*** INPUT RECORDS
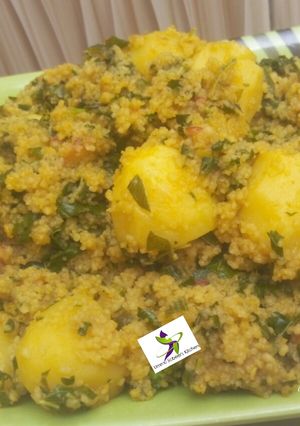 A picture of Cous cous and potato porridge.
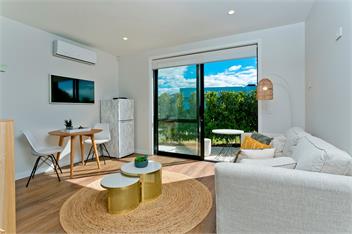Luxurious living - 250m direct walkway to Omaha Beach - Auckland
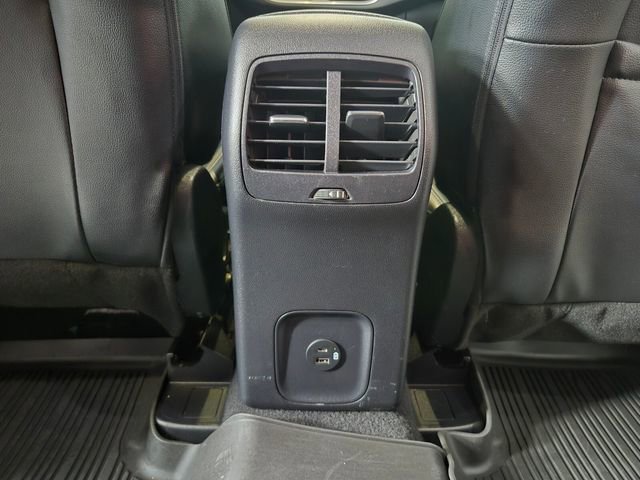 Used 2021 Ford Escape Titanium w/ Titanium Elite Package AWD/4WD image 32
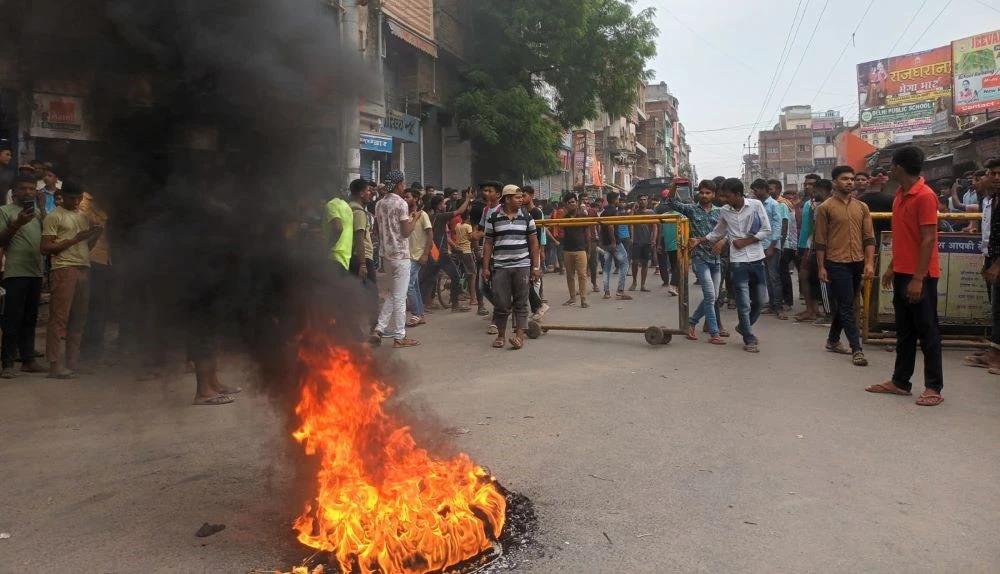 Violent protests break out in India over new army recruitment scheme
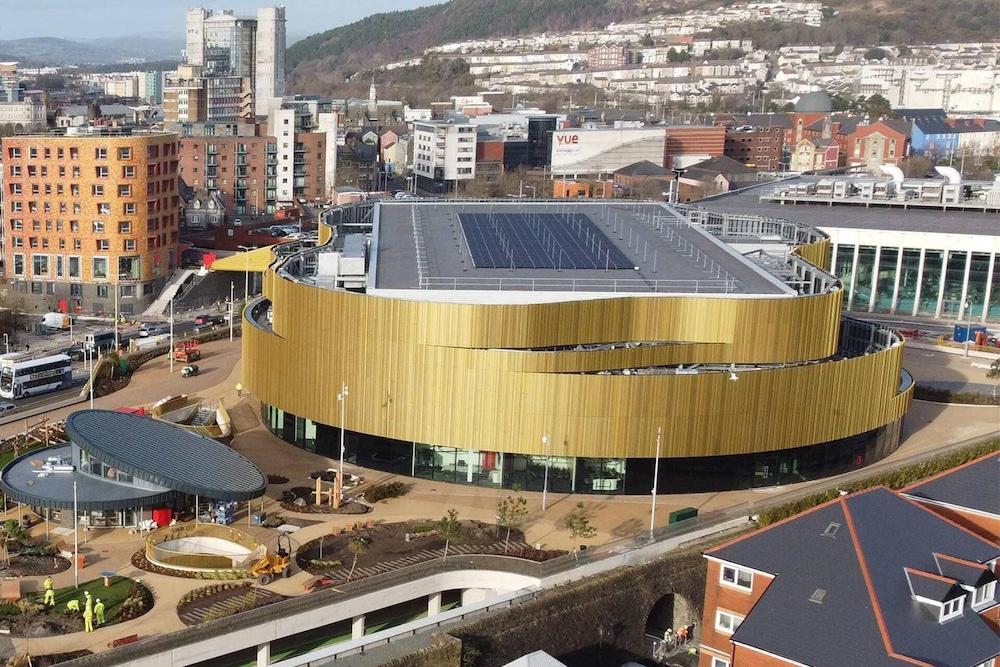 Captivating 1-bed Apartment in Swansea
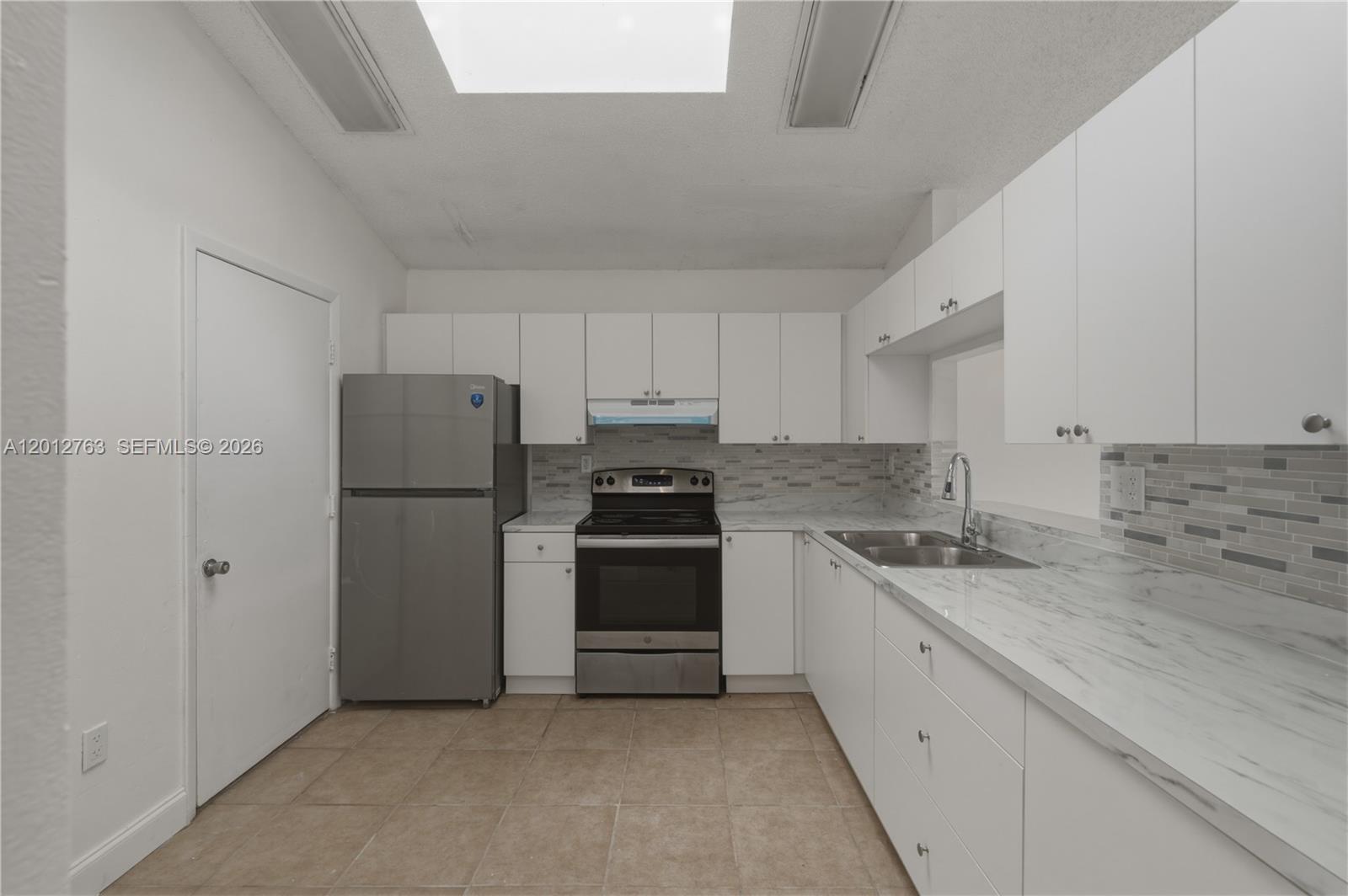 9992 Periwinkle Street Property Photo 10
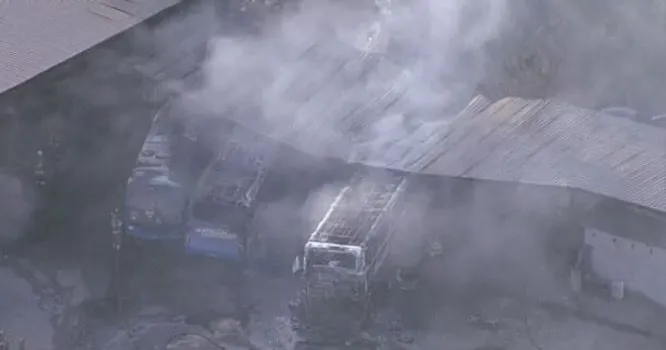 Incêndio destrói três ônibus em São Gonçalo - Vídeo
******
*** INPUT RECORDS
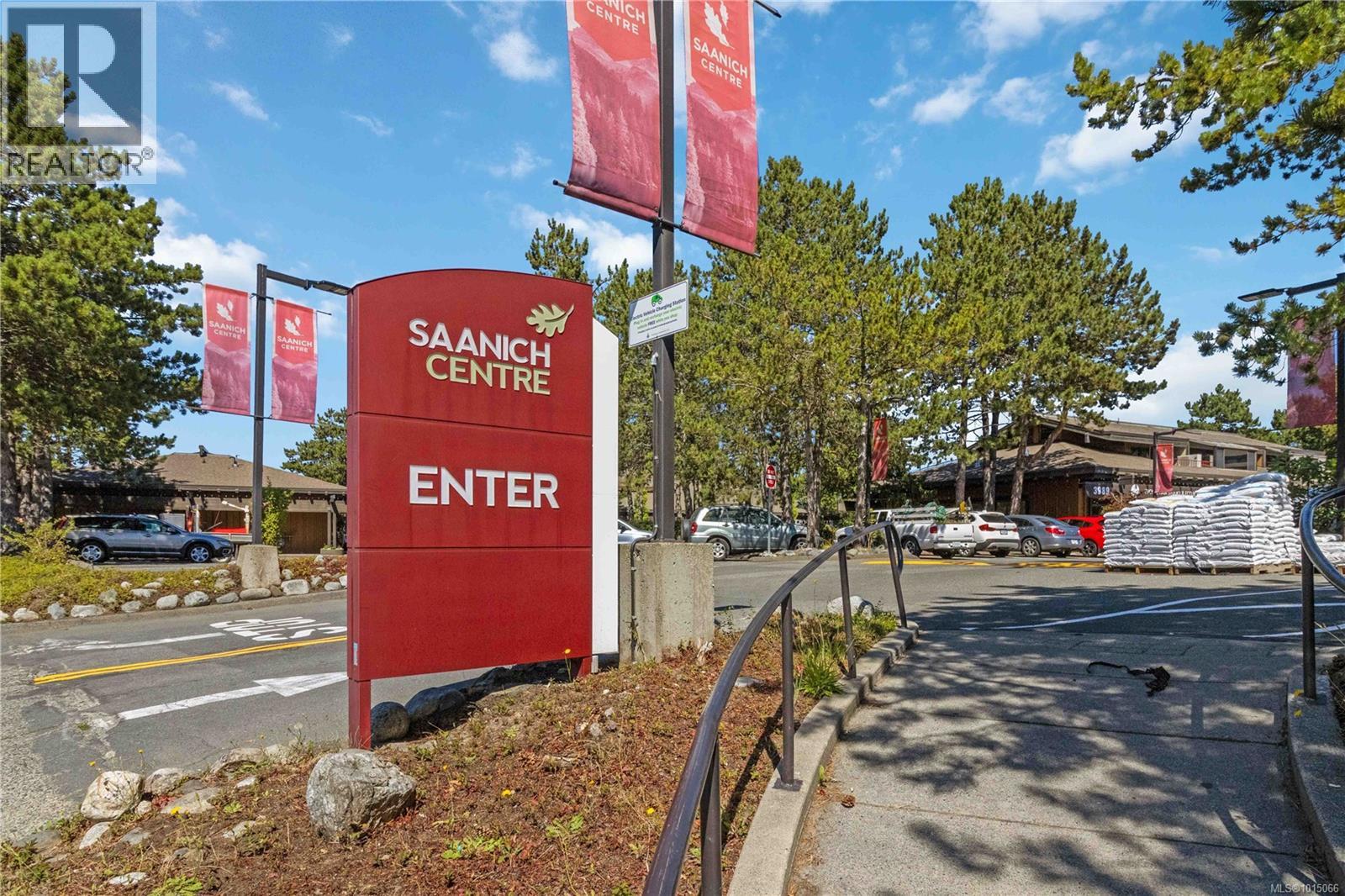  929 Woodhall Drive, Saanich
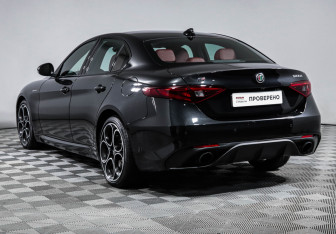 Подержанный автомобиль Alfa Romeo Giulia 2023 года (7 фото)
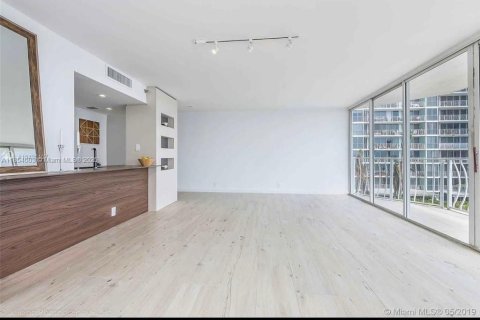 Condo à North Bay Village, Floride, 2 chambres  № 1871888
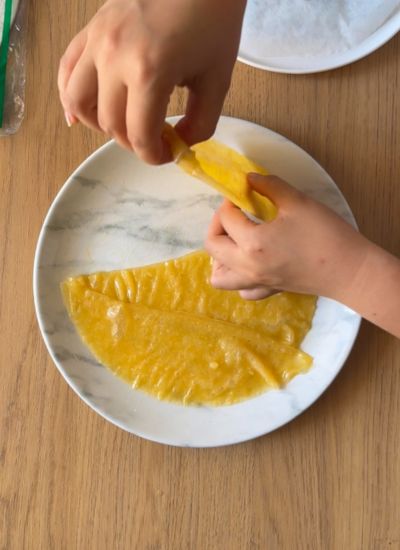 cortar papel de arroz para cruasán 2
******
→ WHAT THE TASK REQUIRES: From the records above, write out exactly the lines that begin at the line with "A picture of Cous cous and potato porridge." and end at the line with "Incêndio destrói três". Pictures must not appear in the output.

→ TASK ANSWER:
 A picture of Cous cous and potato porridge.
Luxurious living - 250m direct walkway to Omaha Beach - Auckland
 Used 2021 Ford Escape Titanium w/ Titanium Elite Package AWD/4WD image 32
 Violent protests break out in India over new army recruitment scheme
 Captivating 1-bed Apartment in Swansea
 9992 Periwinkle Street Property Photo 10
 Incêndio destrói três ônibus em São Gonçalo - Vídeo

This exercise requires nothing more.